-- Exercise data --
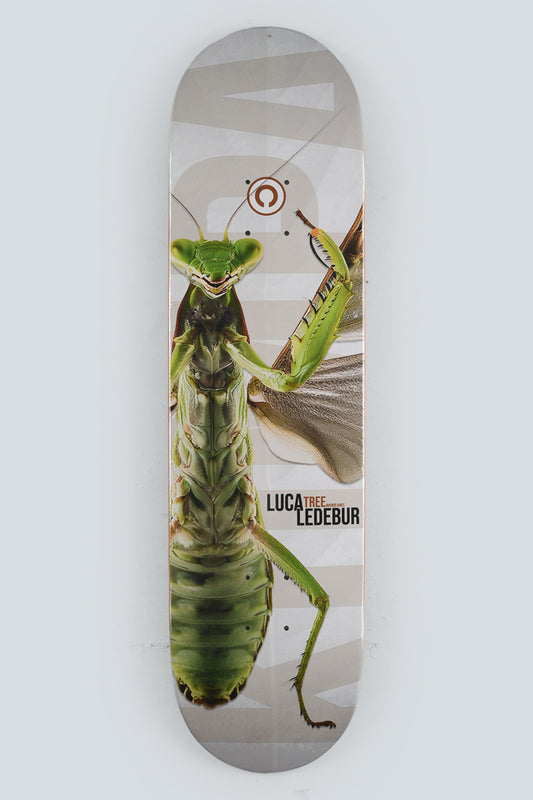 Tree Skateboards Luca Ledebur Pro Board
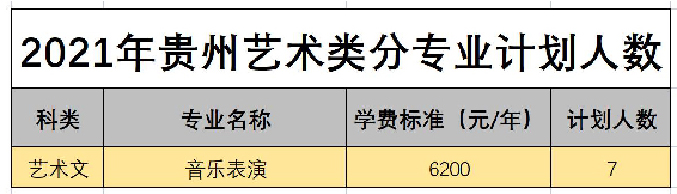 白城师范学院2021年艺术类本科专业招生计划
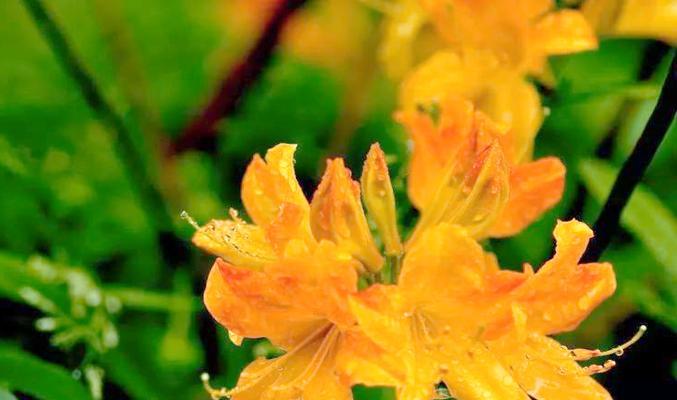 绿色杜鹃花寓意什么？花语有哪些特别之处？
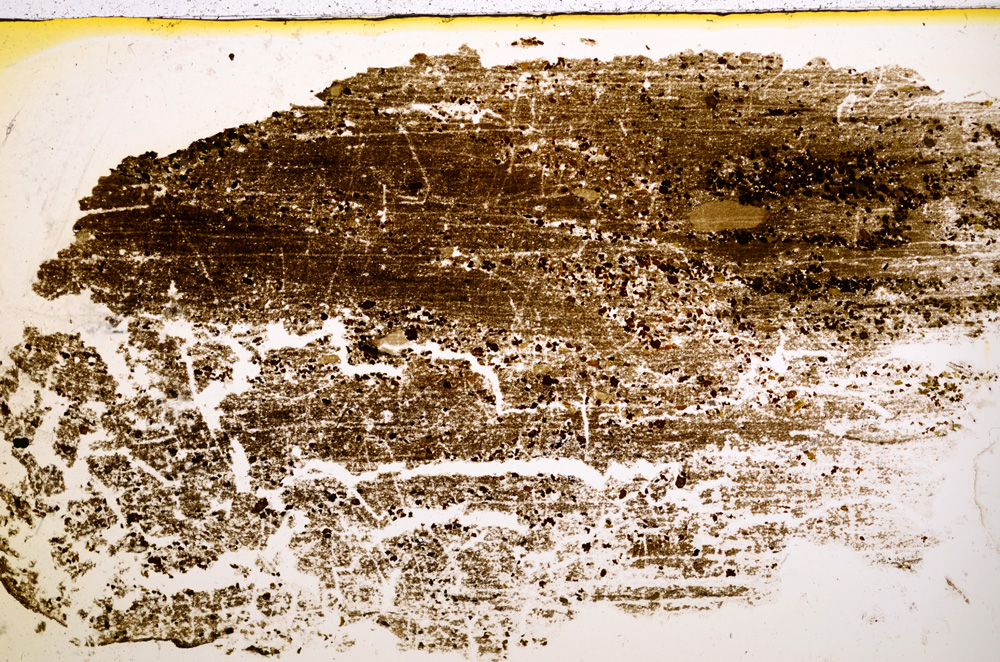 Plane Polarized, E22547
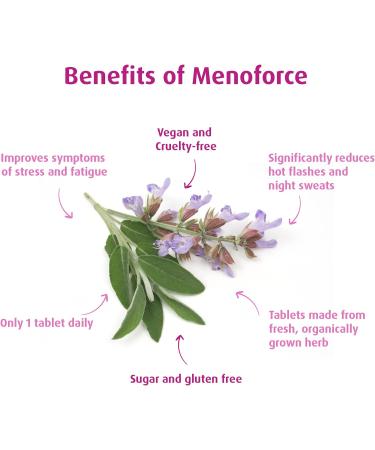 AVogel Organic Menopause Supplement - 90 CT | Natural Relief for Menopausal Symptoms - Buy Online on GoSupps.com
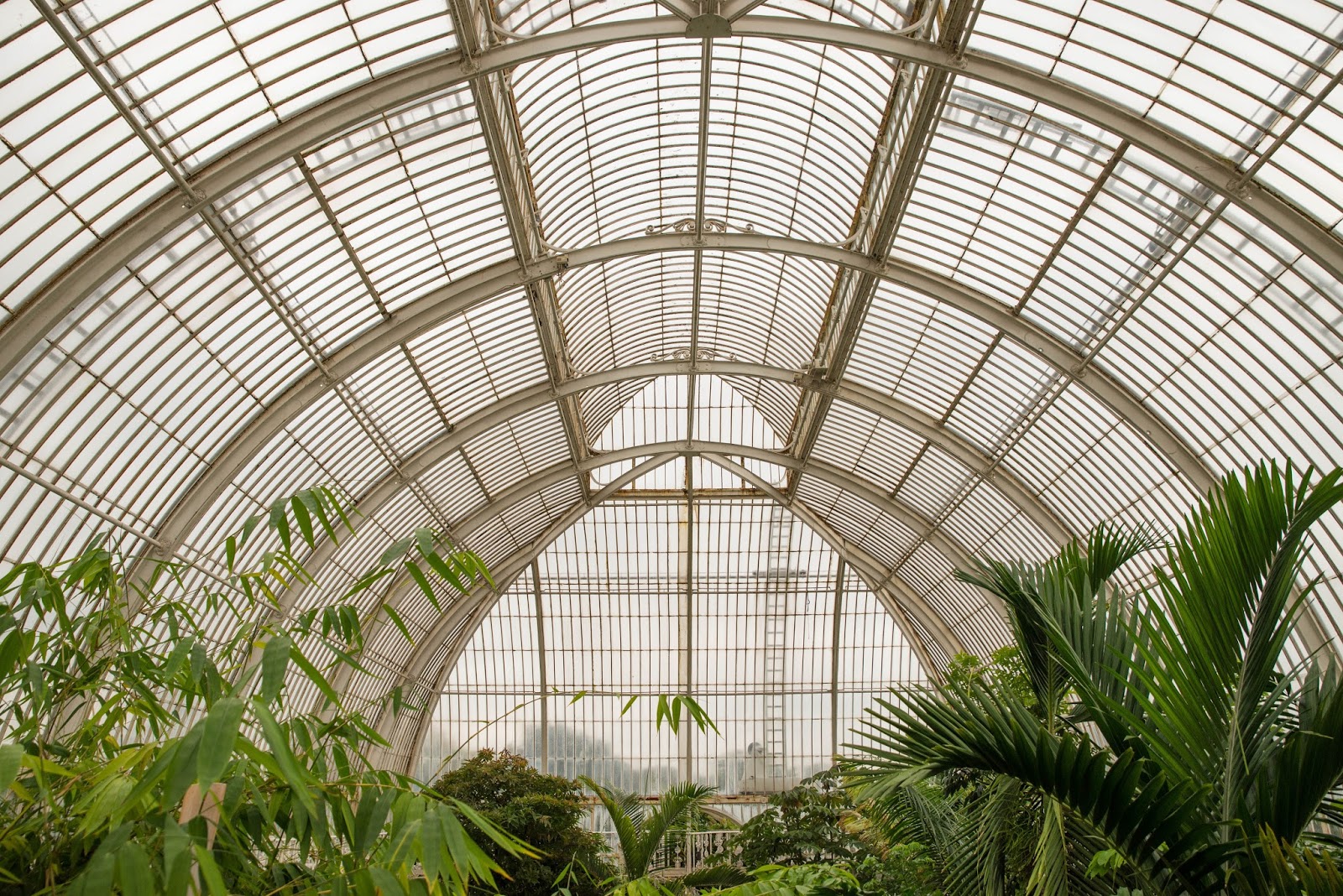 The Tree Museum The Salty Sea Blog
--
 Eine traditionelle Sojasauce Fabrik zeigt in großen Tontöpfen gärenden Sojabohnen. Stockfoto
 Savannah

-- Instructions to follow --
Start at the line above containing "Tree Skateboards Luca Ledebur Pro Board" and stop at the line containing "The Tree Museum The Salty Sea Blog": print those lines and everything between them exactly, but not the pictures.

-- Problem solution --
 Tree Skateboards Luca Ledebur Pro Board
 白城师范学院2021年艺术类本科专业招生计划
 绿色杜鹃花寓意什么？花语有哪些特别之处？
 Plane Polarized, E22547
 AVogel Organic Menopause Supplement - 90 CT | Natural Relief for Menopausal Symptoms - Buy Online on GoSupps.com
 The Tree Museum The Salty Sea Blog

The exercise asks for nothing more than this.